А к таковым, например, относится «Вихрь» Филиппа Малявина. Тут опять можно недоумевать – но современники именовали картину «грубым ухарством» и «дебоширством», а маститый критик Стасов писал: «Что такое вся картина «Вихрь», как не холст, на который вылито несколько ушатов красной краски. Зачем столько ушатов, с какой целью, на что и так бестолково, безрассудно?»  

Но хвалил картину учитель Малявина Репин, дочь Третьякова Александра писала «Малявин головокружителен и гениален», и совет галереи картину приобрел.



Картину Николая Рериха «Город строят», из древнеславянской жизни, совет Третьяковской галереи принял к покупке по рекомендации Валентина Серова и Ильи Остроухова.



А вот экспонирование ее на выставке «Мира искусства» – причем это уже начало ХХ века! – вызвало полемику. Ревнители реалистичного и «достоверного» подхода к истории упрекали работу за «декадентство». Видеть в ней не иллюстрацию к учебнику, а символизм, не желали.



Кто бы ожидал, что среди критикуемых картин окажется врубелевская «Принцесса Грёза». Сегодня это для нас само воплощение стилистики модерна.



Это панно, как и другое – «Микула Селянинович» – создавалось автором для Всероссийской промышленной и художественной выставки в Нижнем Новгороде в 1896 году. Но вмешалось жюри – оба произведения еще на стадии подготовки были отвергнуты ка к «декадентские». Панно со скандалом сняли со стен накануне открытия выставки.

На этом дело, естественно, не кончилось. Шумела пресса – многие критики называли работы «шедеврами». Вмешался богач Савва Мамонтов – работы приобрел, выстроил за свой счет отдельный павильон у входа на выставку и открыл его для публики. Единства у публики, впрочем, не получилось – многие с непривычки были шокированы.

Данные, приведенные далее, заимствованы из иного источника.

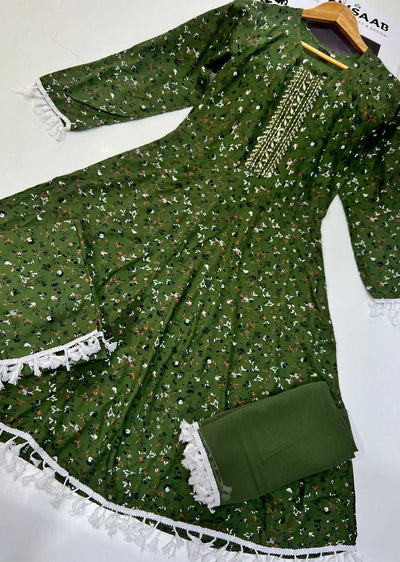 RGZ9904 Green Embroidered Linen Dress - Memsaab Online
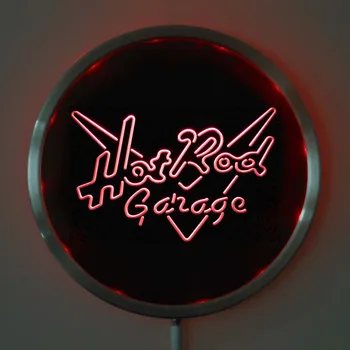 

rs-a0202 Hot Rod Garage LED Neon Round Signs 25cm/ 10 Inch - Bar Sign with RGB Multi-Color Remote Wireless Control Function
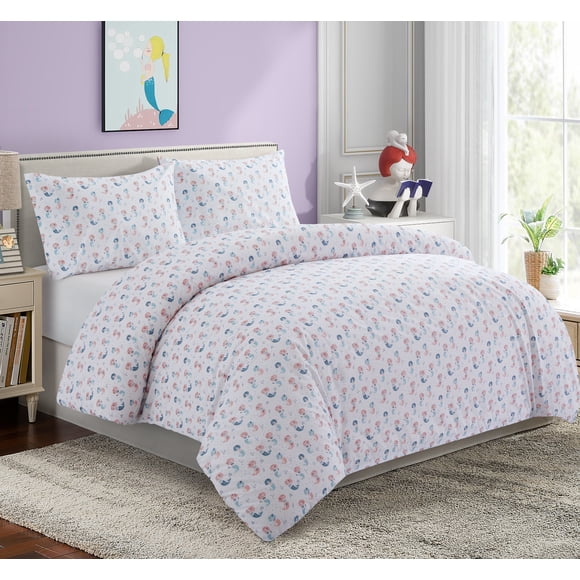 Marina Decoration Kids Girls Toddlers Cute Printed 600 Thread Count Soft Cotton Blend Percale Duvet Cover Fitted Sheet Ensemble Bedding Set, Cartoon Mermaid Pattern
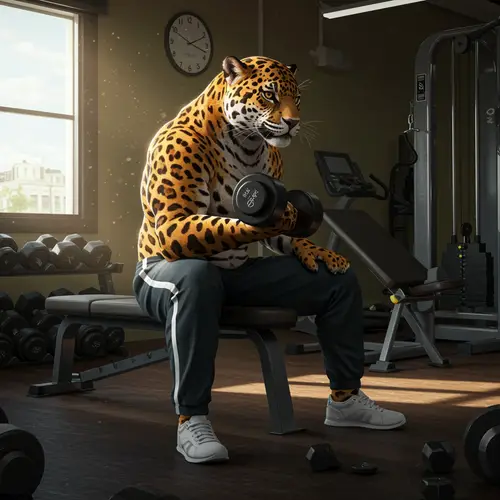 Jaguar Lifting Weights in Gym - Digital Art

Позже на керамическом заводе Мамонтова по врубелевской работе выполнили майоликовое панно для гостиницы «Метрополь» – его там и сейчас можно видеть. Оригинал же угодил после 1917 года в Большой театр, пролежал там долгое время в запасниках и только через несколько десятилетий попал в Третьяковскую галерею. Где панно смогли экспонировать лишь недавно – после реставрации и оборудования специального зала.



А нам-то сегодня кажется, что все эти работы – с самого начала классика живописи, всеми принятая и уважаемая. 😊


P.S. А есть и предшествовавший этому звуковой вариант: https://t.me/c/1545199672/590


P.P.S. выставку продлили по 20 августа.